### What you should do
Please output every line of the material as it stands, without the pictures.

### Data shown
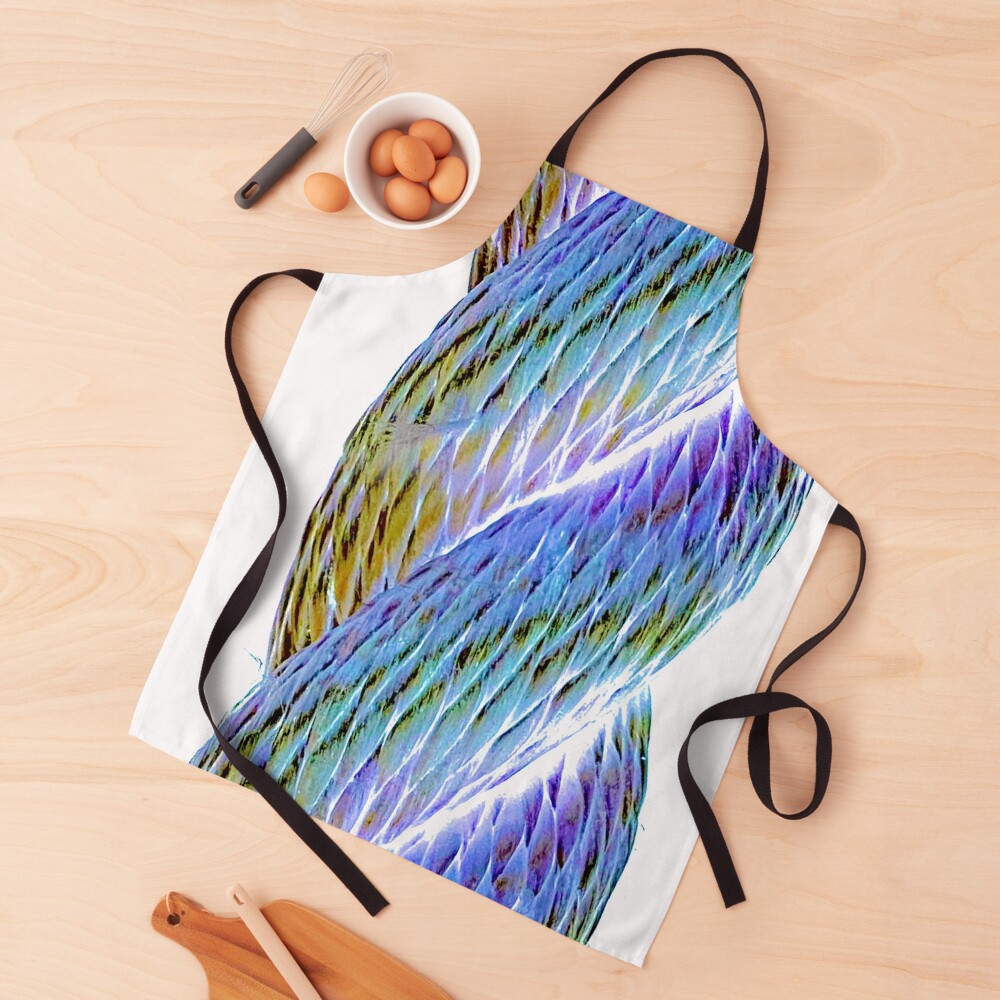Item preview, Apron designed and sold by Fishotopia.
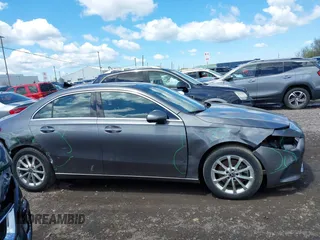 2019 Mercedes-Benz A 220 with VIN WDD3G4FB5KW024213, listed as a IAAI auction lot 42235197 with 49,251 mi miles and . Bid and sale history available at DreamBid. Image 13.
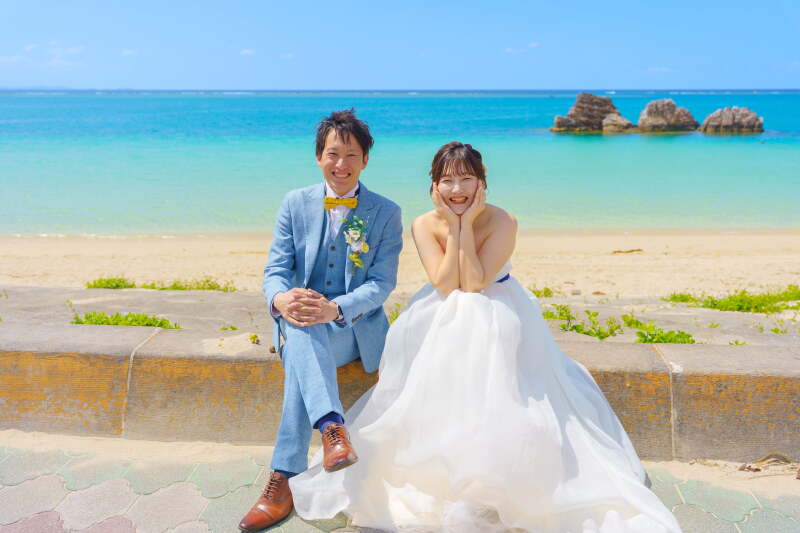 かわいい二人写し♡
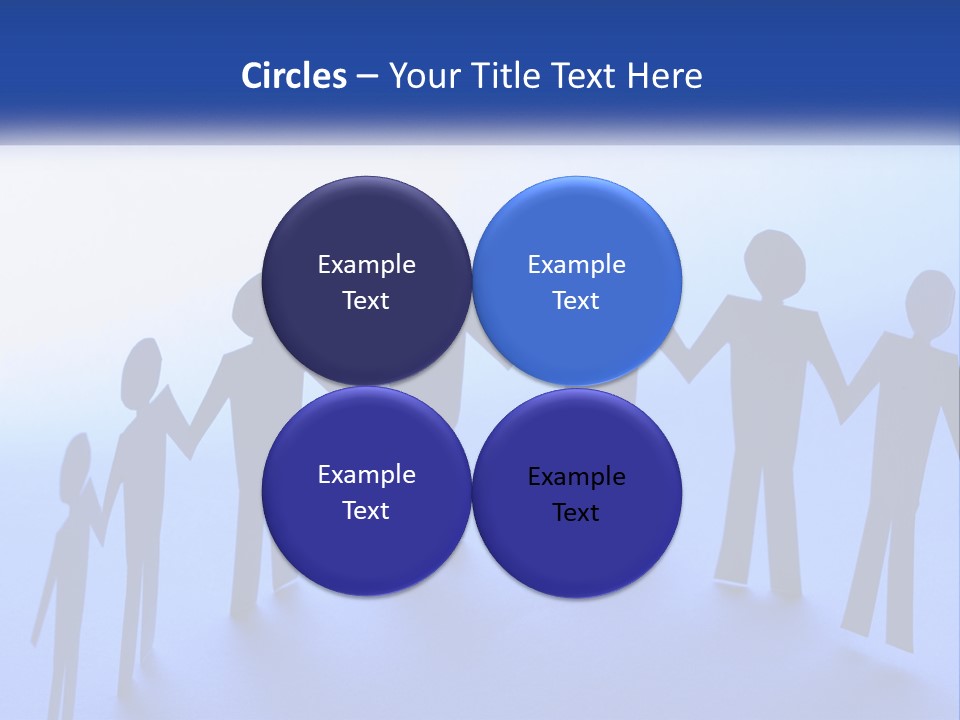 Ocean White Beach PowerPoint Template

### Solved problem
Item preview, Apron designed and sold by Fishotopia.
 2019 Mercedes-Benz A 220 with VIN WDD3G4FB5KW024213, listed as a IAAI auction lot 42235197 with 49,251 mi miles and . Bid and sale history available at DreamBid. Image 13.
 かわいい二人写し♡
 Ocean White Beach PowerPoint Template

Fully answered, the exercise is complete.